JWST has brought the use of segmented mirrors to the forefront. In fact, this technology has long been the norm for large telescopes because of the light weight and current ability to accurately control their shape. Keck, Grantecan, GMT, TMT and ELT, by the others but not forgetting all gamma-ray telescopes (from MAGIC to HESS to CTA) do or will make use of segmented mirrors, almost all of them hexagonally shaped as for the JWST. The question is: who first conceived segmented mirror technology and which was the first telescope actually built to use this technology? Wikipedia and many sources point to Jerry Nelson, LBNL in the '80s. However, there are indications that Guido Horn d'Arturo, an Italian astronomer, conceived the idea of hexagonal multi-mirror telescope as early as 1932. "After a 1 m diameter prototype, in 1952 Horn d’Arturo made a 1.8 m diameter telescope, assembling 61 hexagonal mirrors, each of which was aligned and focused by three underlying screws" (from https://adsabs.harvard.edu/pdf/2018MmSAI..89..448B). Does anyone have further information regarding the origin of this extremely fruitful idea? Thanks in advance for any hint.

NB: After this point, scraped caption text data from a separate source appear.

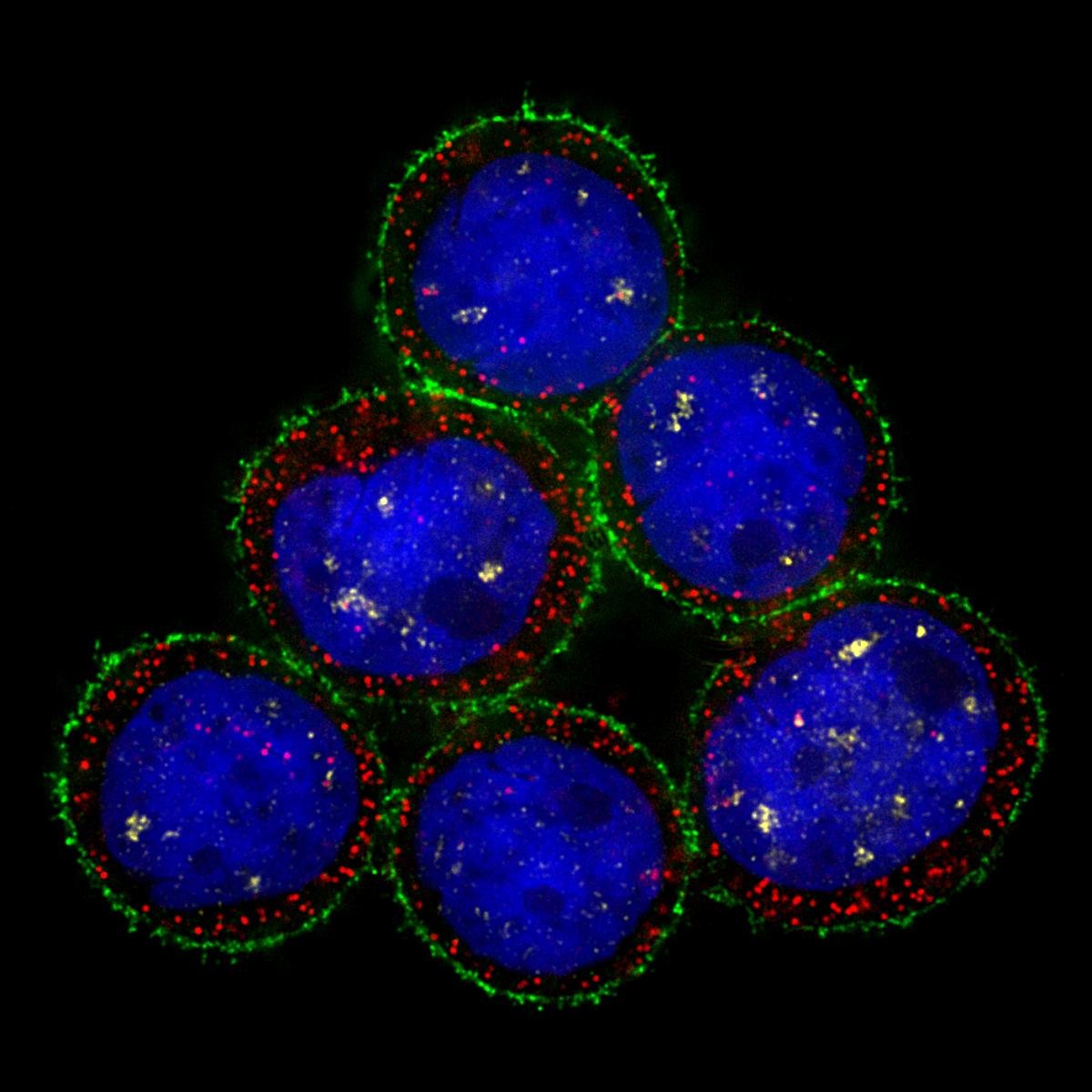 How Do Breast Cancer Cells Attack The Body And Spread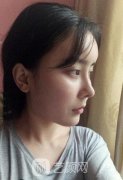 靳小雷做下颌角费用高吗？果怎么样？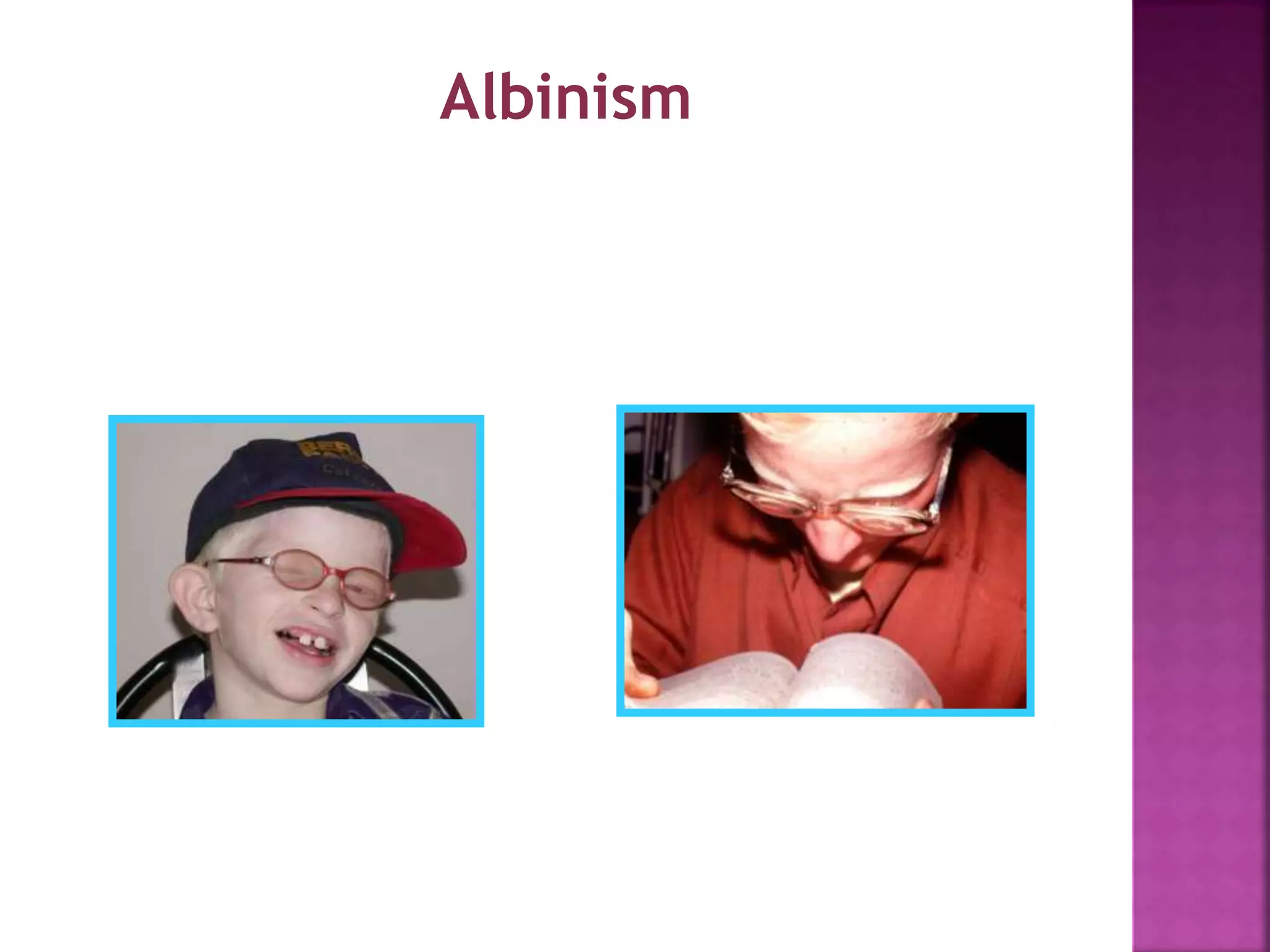 Albinism
 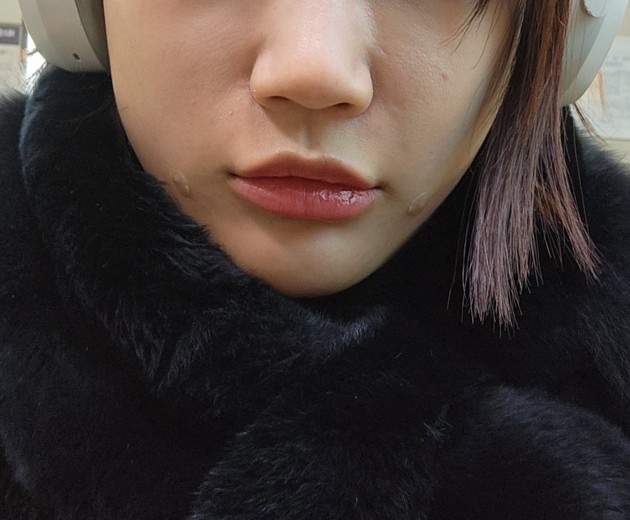 after photo: 앞광대필러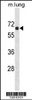 Western blot analysis in mouse lung tissue lysates (35ug/lane) .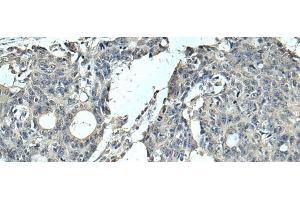 Immunohistochemistry of paraffin-embedded Human colorectal cancer tissue using SLC35F6 Polyclonal Antibody at dilution of 1:95(x200) (SLC35F6 抗体)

The original form of the MMT was 6 light weight conventional mirrors on a single alt-az mount; it also was one of the first big alt-az telescopes. The mirrors were left over from an Air Force satellite program, IRRC.
Conversely, I haven't found any reference online to an IRRC project. Can you please explain what are you referring to? Maybe that was an older acronym for the same project?